1987 - Present
It's only appropriate that I offer a very small introduction to the Larry series here. It is one of those games that 'changed the world' as far as content and delivery goes and we should thank the visionaries at Sierra for this.
Sometime during 1986, Al was finishing up on King's Quest III - the popular fairytale adventure series by Roberta Williams - and together with Ken Williams concluded that the market needed more adult orientated games. I guess looking back most games of the time could haven been labeled a bit twee! Ken suggested to Al that he take an old Applesoft BASIC text-only adventure called Softporn and update it to use Sierra's very successful AGI engine. It must have been a different culture back then... programmer/designer Al easily persuaded Ken to allow some 'much-required' improvements to the concept and so Larry Laffer was born. The rest, as they say, is history!

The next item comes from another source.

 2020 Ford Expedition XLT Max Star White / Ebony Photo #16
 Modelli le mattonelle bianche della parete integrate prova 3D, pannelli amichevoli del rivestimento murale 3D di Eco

Al said of Softporn that the puzzles were sound and so they were carried over complete. He does however concede that the action of giving whiskey to the drunk in exchange for a remote control should have been modified. Perfectionist? Nah, just Al! He also turned the whole Softporn concept upside down and set about making fun of the main character - Larry. Consequently, Larry was kitted out with a leisure suit, a great hair do and a wonderful personality!
Being a Jazz performer, Al had no problem writing the perfect tune for Larry. In a short 20 minutes taking inspiration from listening to a broadcast of "Alexander's Ragtime Band" celebrating Irving Berlin's 99th birthday, the unforgettable theme tune to Larry was born. It has subsequently been tweaked and refined but the structure is as it was back then! For the game's visuals, Ken allowed Mark Crowe (of Space Quest fame) to work on Larry 1 for a short (even by standards back then) 4 weeks. Everything you see was done by Mark - nice one! Around three months from start to finish, the first installment of Larry was complete.
As this was the first child 'unfriendly' game so far produced, Al wasn't sure of how it would go down and suggested an external group test the game. Ken agreed and the then-popular Compuserve online system was used to invite beta testers - a first for the company. Two months of testing, many refinements, fixes and modifications later, Larry finally hit the shelves.
Although Larry 1 went on to critical acclaim, it's initial sales were extremely poor - only 4000 copies left the store shelves in the space of a month. Al was left considering his future and when a programming slot came up on Police Quest 1 he jumped at it. No-one at Sierra need have worried though... Larry 1 kept selling ... and selling! Maybe the market wasn't quite ready to accept the adult nature of the game but positive word of mouth soon spread. The title even picked up the "Best Adventure/Fantasy Role-Playing Game" award by the Software Publishers Association in 1987. Although the story is largely positive, there was considerable opposition to the game - a bill was put forward banning all adult content from games and some stores even refused to stock the title!
The figures presented are sales estimates for English language copies sold on the PC platform only. Obviously this excludes the many localised versions and platforms such as the MAC and Atari.